GPT Image 2 MCP

Generate and edit images in Claude with OpenAI's gpt-image-2 — text rendering that finally works.

中文版說明請見 README.zh.md。

What is this?

A Model Context Protocol (MCP) server that exposes OpenAI's gpt-image-2 (released 2026-04-21) and gpt-image-1 to Claude as two tools: text-to-image and multi-reference edit. Built for the IG / poster / product-shot workflow — where dense in-image text rendering and reference fusion actually matter.

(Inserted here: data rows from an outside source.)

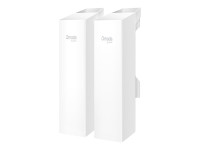 TP-Link : 2.4GHZ N300 INDOOR/OUTDOOR WIRELESS BRIDGE 3XFE RJ45 PORT 3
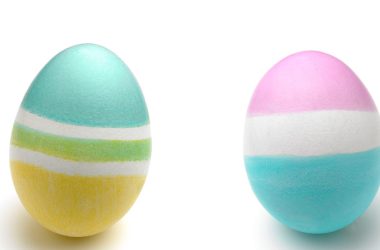 Two Easter Eggs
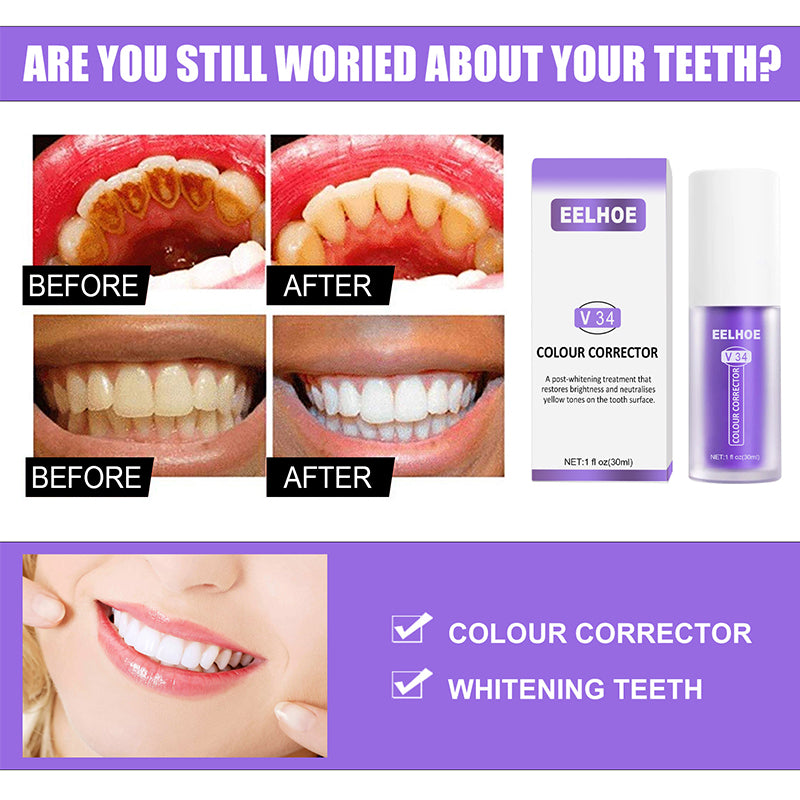 Teeth Whitening Color Fix Pen - Cofik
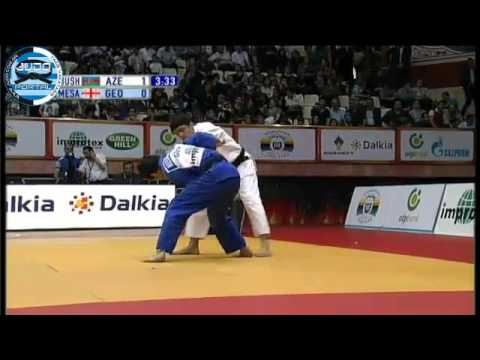 Judo Grand Prix Baku 2012 Final -60kg MUSHKIYEV (AZE)-MESABLISHVILI (GEO)
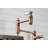Kingston Brass Two-Handle 1-Hole Deck Mount Pot Filler Faucet-73174500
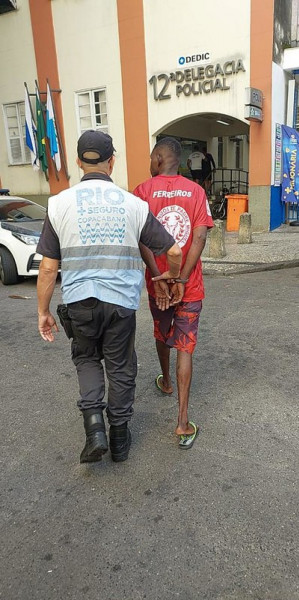 Agentes do Rio+Seguro foram acionados por moradores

Inputs over 4 MB or 1024 px are auto-resized before upload, so you don't have to babysit aspect ratios or compress reference photos by hand.

Features

Two tools, no leaks: gpt_image_generate (text → image) and gpt_image_edit (text + 1–5 references + optional mask → image)
Auto-resize on input: oversize images get a temp 1024 px PNG cache so the API call doesn't time out or 413
gpt-image-2 by default, easy fallback to gpt-image-1 for accounts without org verification
Slash skills /gpt-image and /gpt-image-edit with a curated parameter cheatsheet (size, quality, model fallback, cost-aware defaults)
Saves to disk and returns a path — survives the 60 s MCP timeout (image still lands on disk even if MCP layer disconnects)
.env-based key handling so macOS GUI Claude can find your OPENAI_API_KEY without launchd hacks

Quick Start (Cowork users)

Download claude-gpt-image2-mcp-v0.1.0.plugin from Releases.
In Cowork: Plugins → Install → Select file.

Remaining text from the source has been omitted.